Utsa Chatterjee, una estudiante de 19 años de Bangalore, comenzó a notar perfiles duplicados de su propia cuenta en Facebook. Estos perfiles utilizaban sus mismas fotos y datos, lo que dificultaba distinguirlos del auténtico. Al principio, los consideró simples errores y pidió a sus amigos que los reportaran; Facebook los eliminaba, pero reaparecían una y otra vez.

Mensajes que escalaron el acoso

Los falsos perfiles no se limitaron a solicitar amistad; empezaron a mantener conversaciones con Utsa. Uno de los primeros mensajes decía: “hi my little bitch … get naked or else I gangbang you.” Aunque el remitente se disculpaba y afirmaba estar bromeando, la secuencia de mensajes se volvía cada vez más insistente y vulgar, mostrando una evidente falta de rigurosidad ortográfica y un tono desesperado.

De la molestia a la amenaza personal

Con el tiempo, el acoso pasó de ser una mera molestia a convertirse en una invasión de su intimidad. Los mensajes incluían peticiones de fotos desnudas, insinuaciones de encuentros sexuales y, eventualmente, amenazas de violencia grupal. Utsa relata que, pese a su desconcierto inicial, el tono agresivo y los constantes intentos de contacto le generaron un profundo malestar y miedo.

El giro inesperado: la responsable era su mejor amiga

La revelación más impactante surgió cuando, tras una investigación exhaustiva de las direcciones IP y los patrones de redacción, se descubrió que detrás de todos esos perfiles falsos estaba la persona que ella consideraba su mejor amiga. Esta amiga, motivada por celos y una obsesión no correspondida, había creado las cuentas clonadas para vigilar, controlar y, finalmente, aterrorizar a Utsa bajo el disfraz del anonimato.

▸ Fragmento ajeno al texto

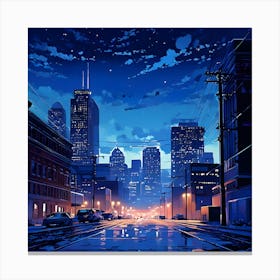 Cityscape At Night 2 Canvas Print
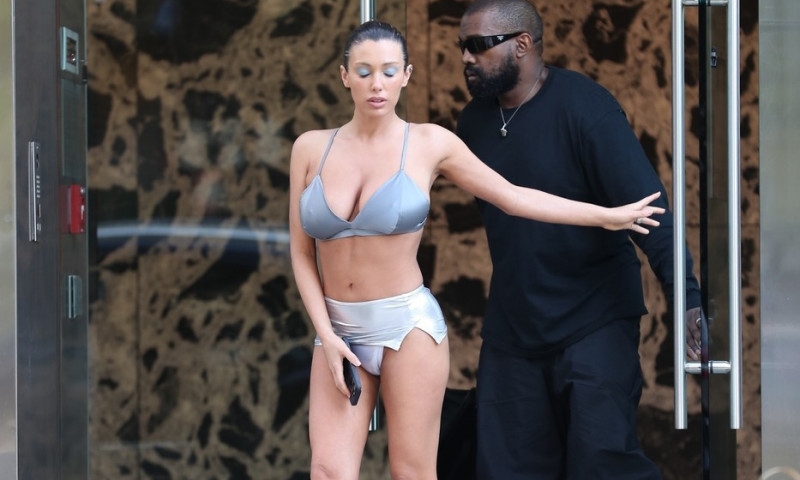 *EXCLUSIVE* Kanye exits a meeting in LA with his scantily dressed wife Bianca Censori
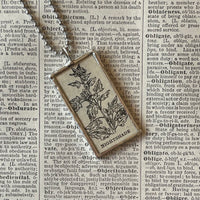 1 Nightshade - vintage natural history illustrations up-cycled to soldered glass pendant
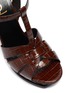 Detail View - Click To Enlarge - SAINT LAURENT - 'Tribute' crocodile-embossed leather platform sandals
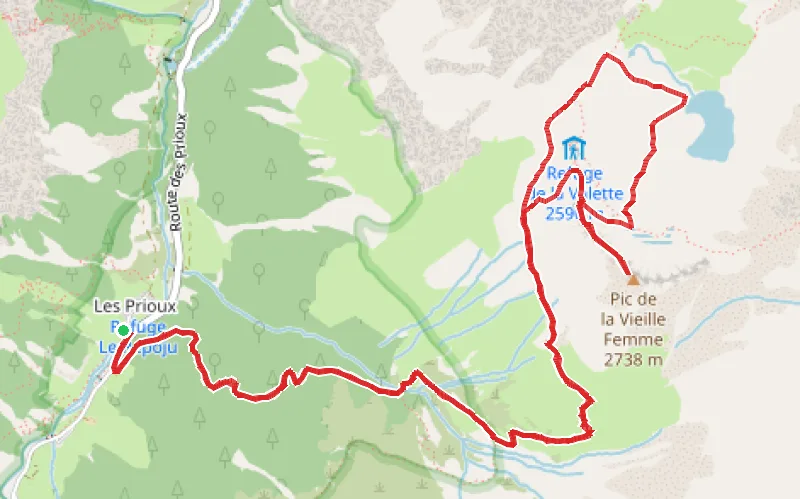 Tracé du parcours Lac de la Valette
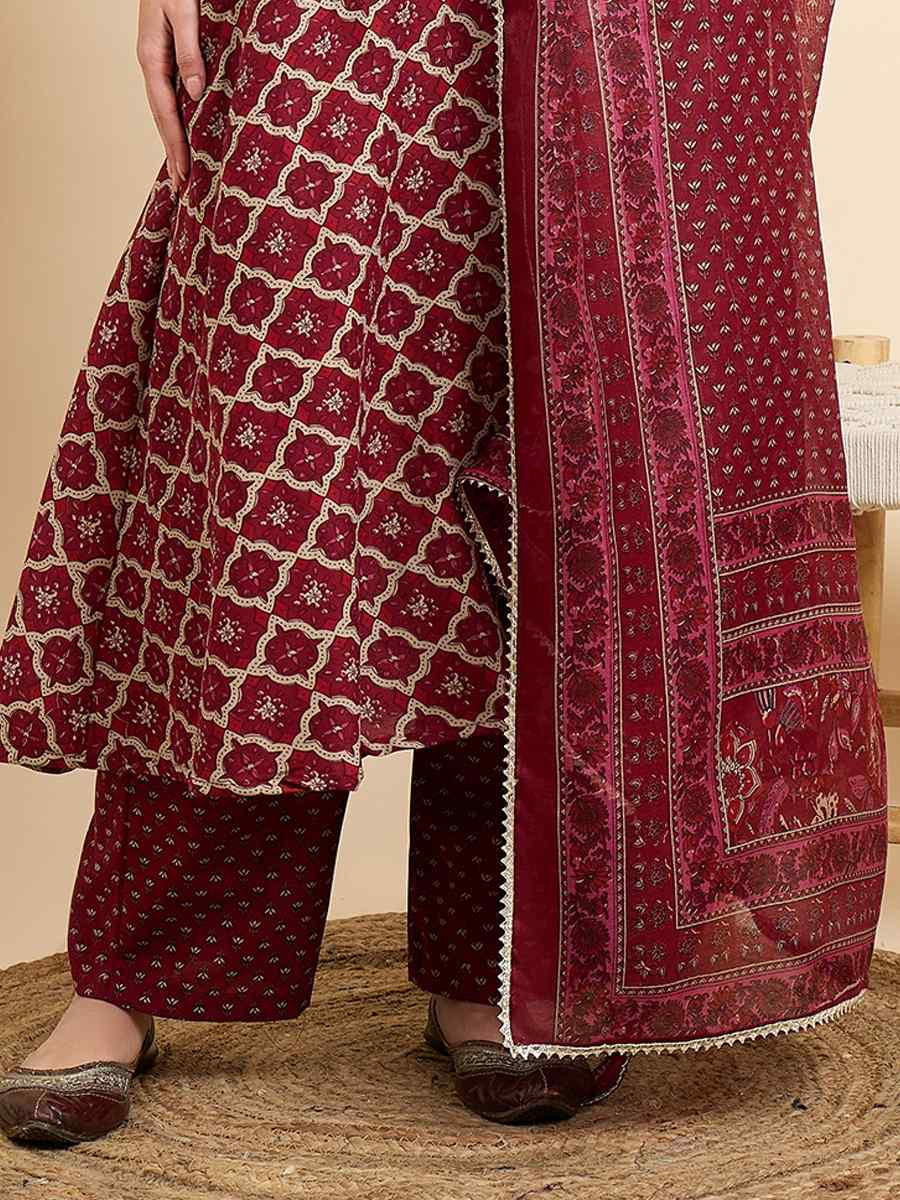 Maroon Viscose Printed Festival Casual Ready Pant Salwar Kameez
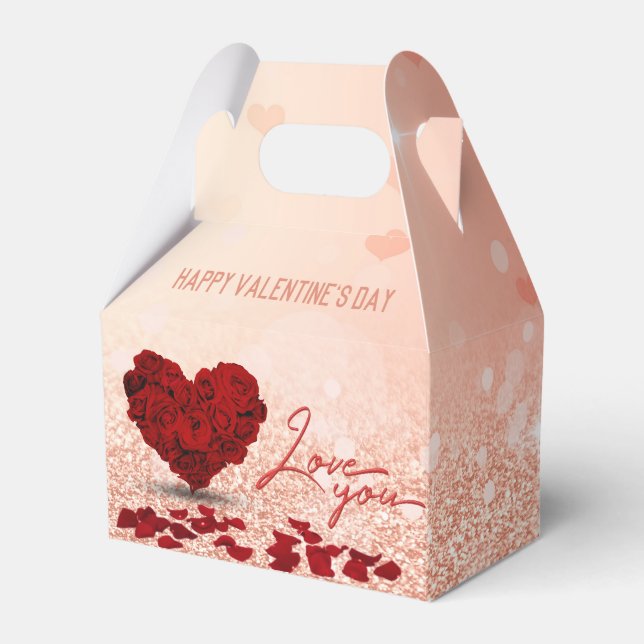 Valentine's Day Rose Heart Bouquet Favor Box Gable (Front Side)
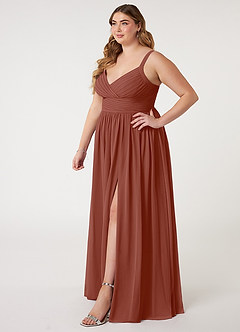 Azazie Chanel Bridesmaid Dresses Auburn A-Line Pleated Chiffon Dress image10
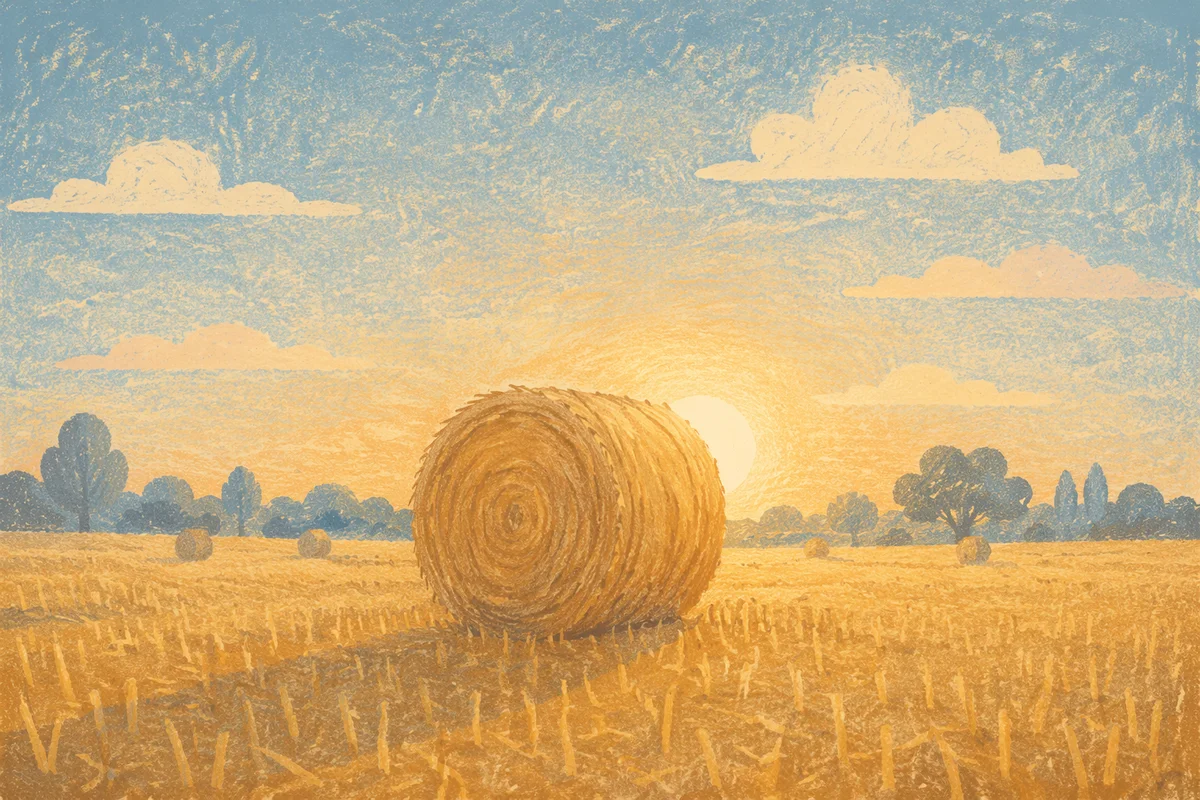 Golden Wheat Field Hay Bale at Sunset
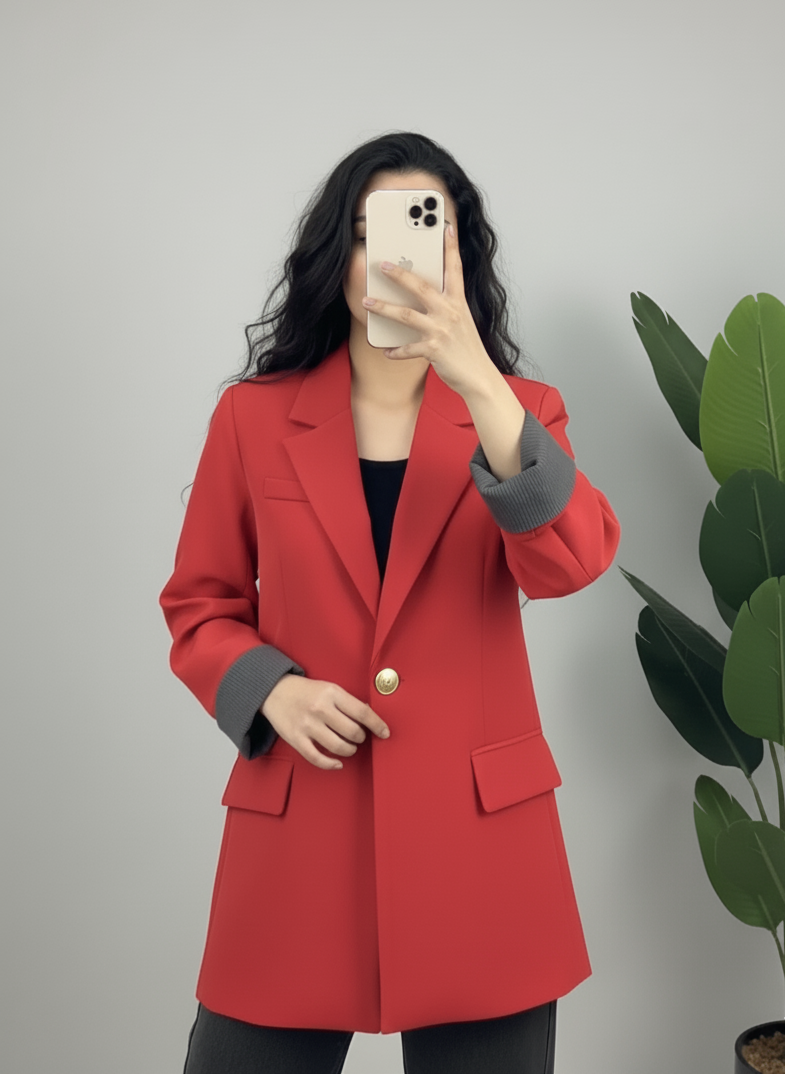 Blazer Chic Manchette Imprimée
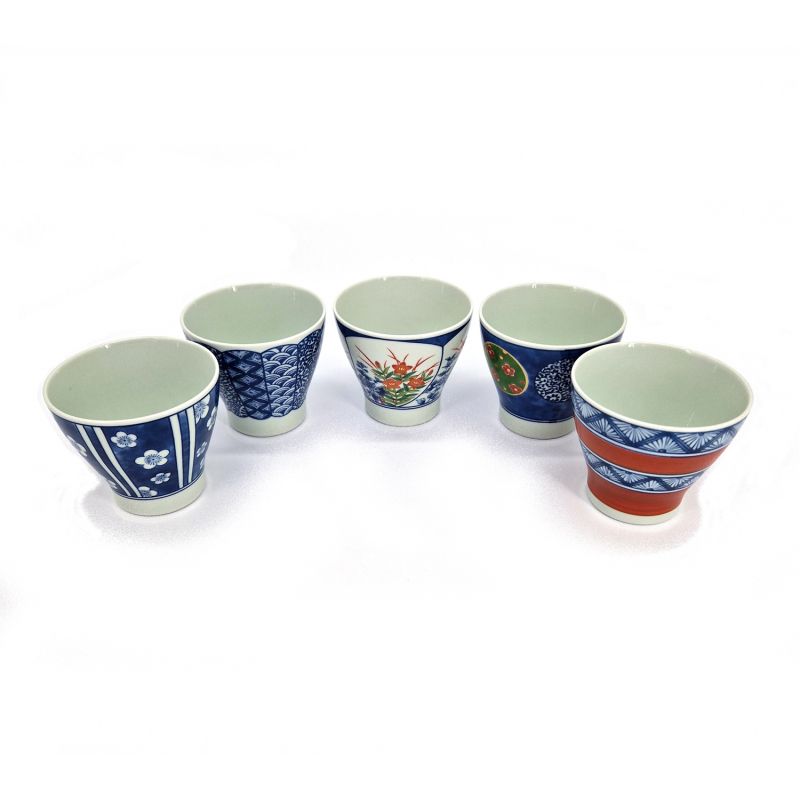 Juego de 5 tazas de té de cerámica japonesa - NISHIKI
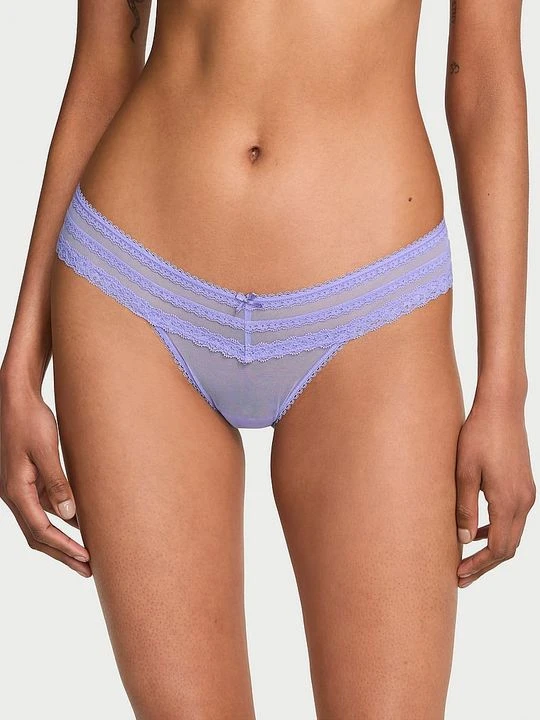 Zdjęcie produktu Dream Angels Majtki brazyliany z siateczki Lace-Trim Victoria's Secret Niebieski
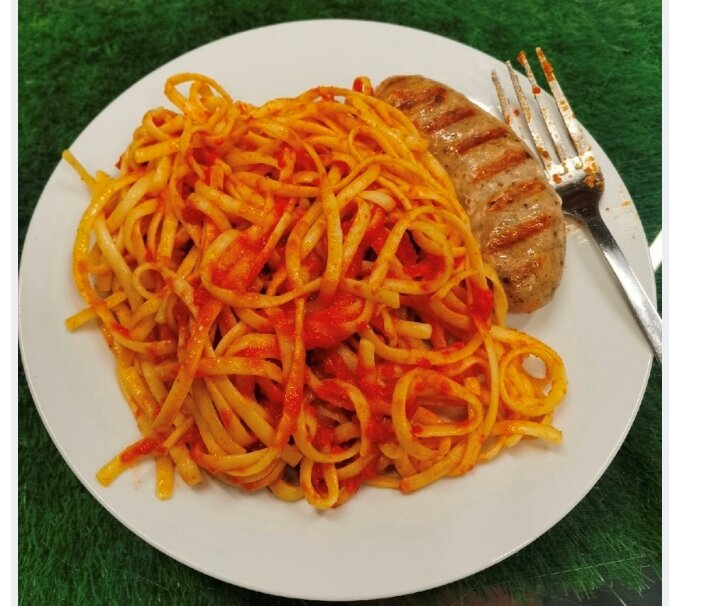 Порция макарошек участницы курса. Кстати, она успешно похудела!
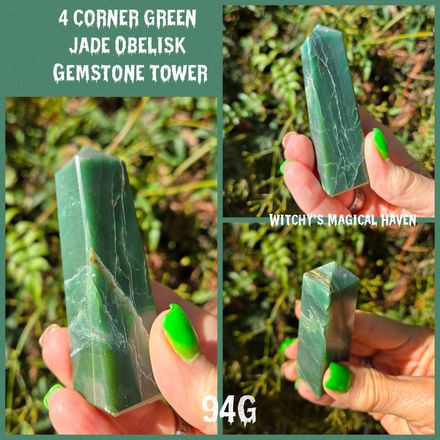 Green Jade 4" Obelisk Gemstone Tower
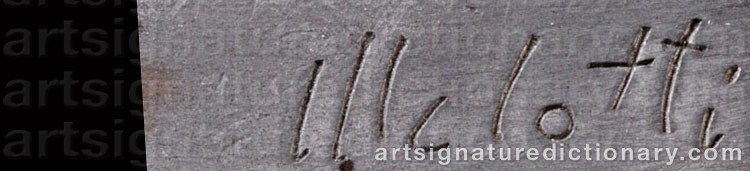 Authentic signature by Fausto MELOTTI on  artwork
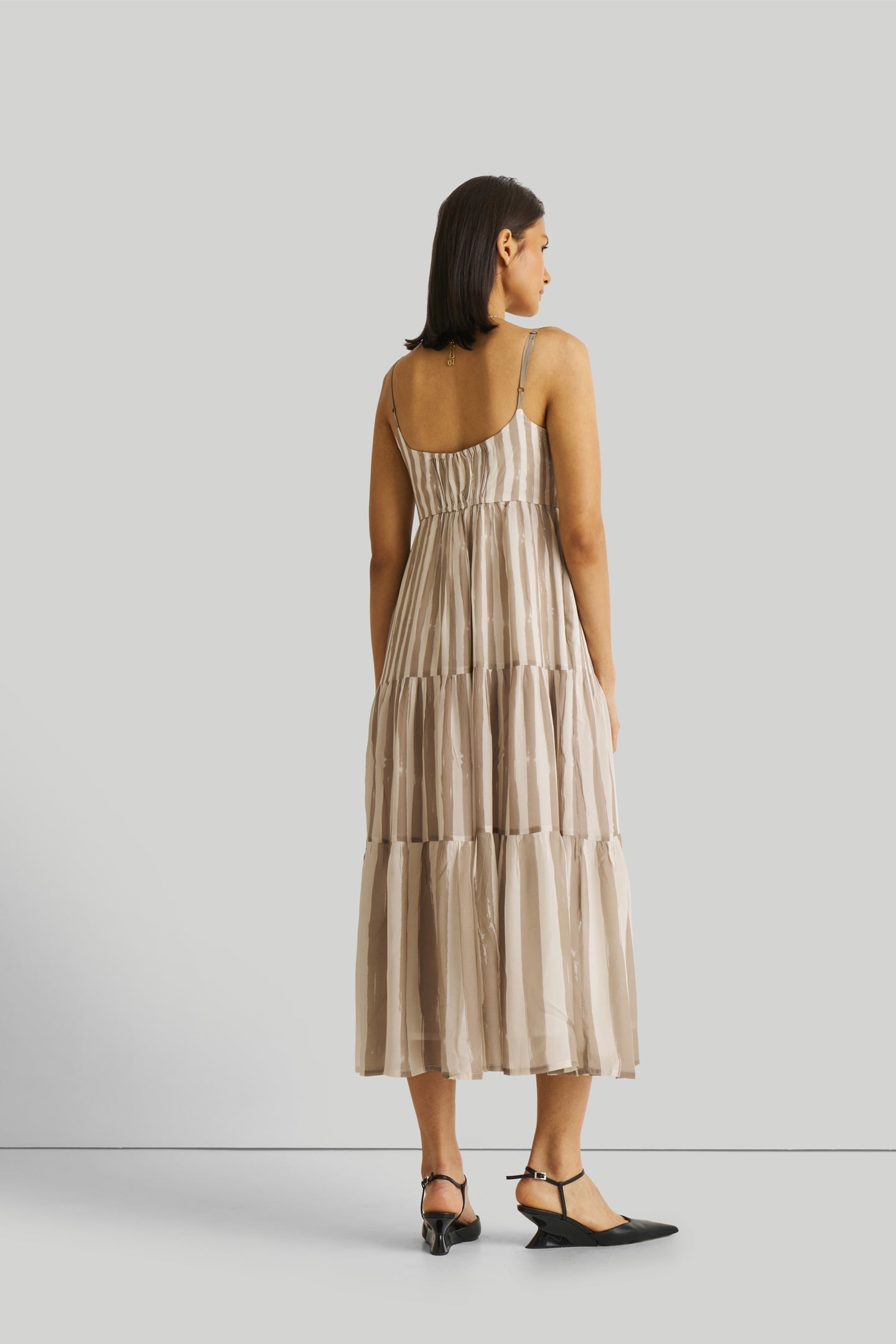 Strappy Tiered Maxi Dress in Beige Stripes Purplish Diva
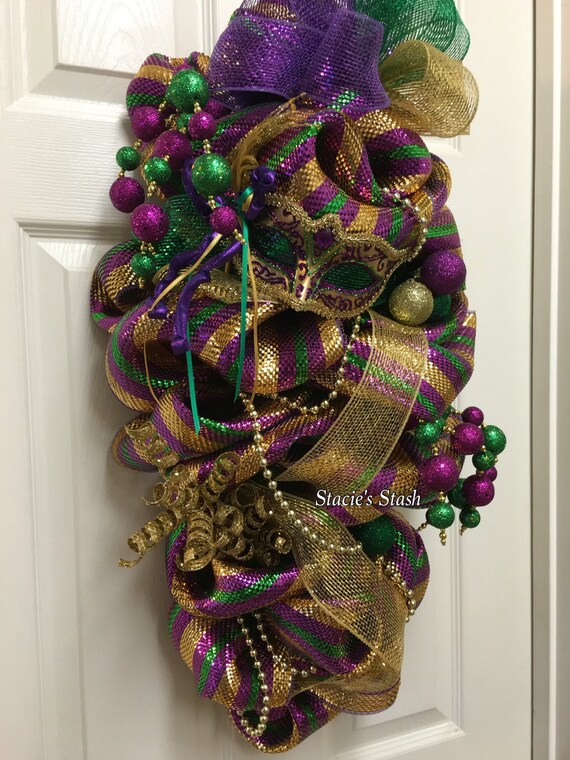 Mardi Gras Wreath Mardi Gras Decor Front Door Wreath Etsy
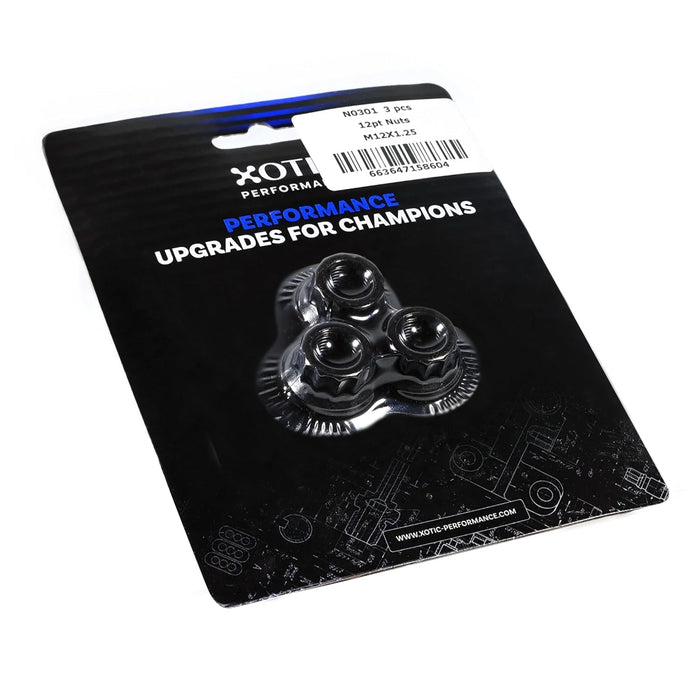 12 - Point Nuts M12 x 1.25 Thread, Socket Size 16mm, 0.925 in. Collar Diameter, x 3 pcs N0301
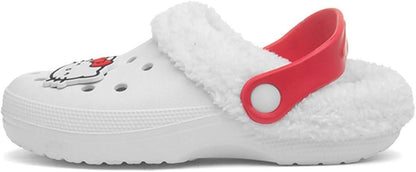 Kids Hello Kitty Girls Fur Lined Clogs Back Strap Officially Licensed Slippers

Consecuencias y lecciones aprendidas

El caso de Utsa ilustra los peligros del acoso cibernético cuando el agresor pertenece al círculo cercano de la víctima. Subraya la importancia de no minimizar los señalamientos de perfiles duplicados, de conservar capturas de pantalla como evidencia y de acudir a las autoridades cuando los mensajes trascienden lo meramente inconveniente. Además, recuerda a los usuarios de redes sociales que la privacidad y la configuración de seguridad deben revisarse constantemente para evitar suplantaciones de identidad.